Una signora anziana ma in forma si è rivolta a me. Qualche giorno prima era caduta da cavallo e, pur non avendo dolori, voleva farsi controllare. Ho fatto una radiografia e subito è emerso che si era rotto il collo, ma non era paralizzata perché la vertebra non si era spostata. Quando le ho comunicato la diagnosi, è rimasta scioccata: ero il secondo medico che consultava. Il primo l’aveva rimandata a casa con un cuscino ergonomico.

2. Sonno improvviso

Un uomo corpulento si lamentava di sentirsi sempre stanco e di addormentarsi improvvisamente nei momenti più inaspettati. Quando ha iniziato a cadere addormentato in piedi e mentre guidava, ha cominciato a preoccuparsi. Il suo caso era un esempio classico di narcolessia. Si è sentito molto sollevato perché finalmente l’ho aiutato.

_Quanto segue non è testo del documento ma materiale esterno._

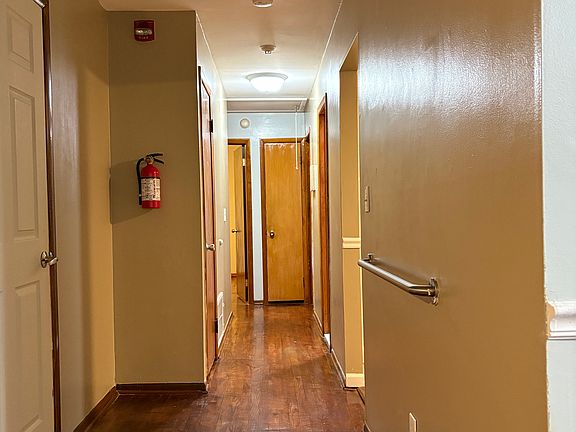 4th image of 82 Curtis Ave #2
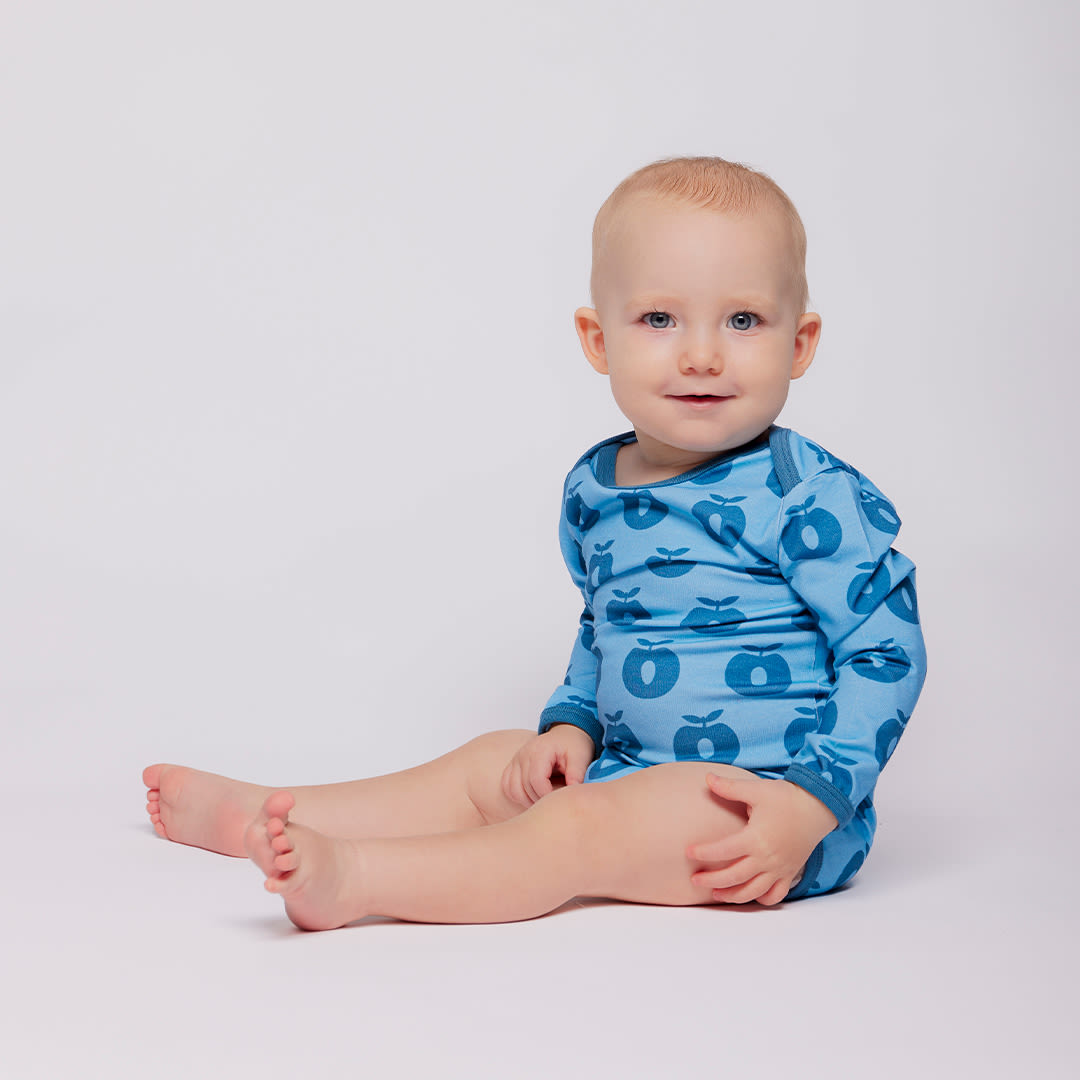 Ulm long-sleeved baby body with apples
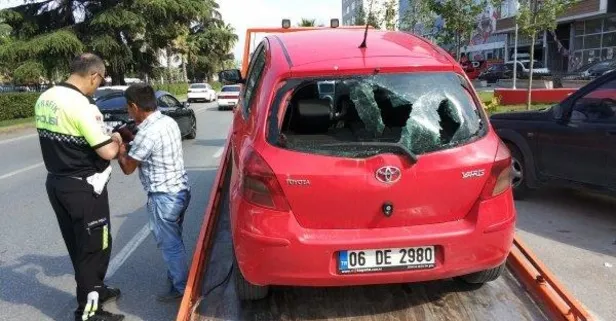 Samsun'da otomobil yayalara çarptı: 2 yaralı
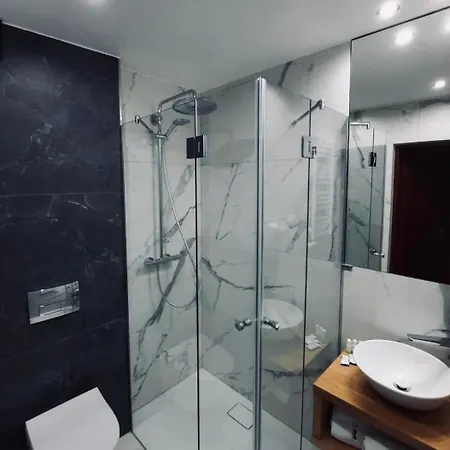 Alojamento de Acomodação e Pequeno-almoço Bel-ami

Il primo medico che aveva consultato gli aveva detto che soffriva di apnea notturna, causata dal sovrappeso. (In realtà non era sovrappeso, solo robusto.) Usava da sei mesi un dispositivo per la terapia del sonno, senza risultati.

3. Eccesso

Una giovane paziente è stata spaventata da un collega inesperto che le aveva diagnosticato la sclerosi multipla, mentre in realtà soffriva solo di carenza vitaminica. Dopo qualche mese di integrazione, tutti i suoi sintomi sono scomparsi.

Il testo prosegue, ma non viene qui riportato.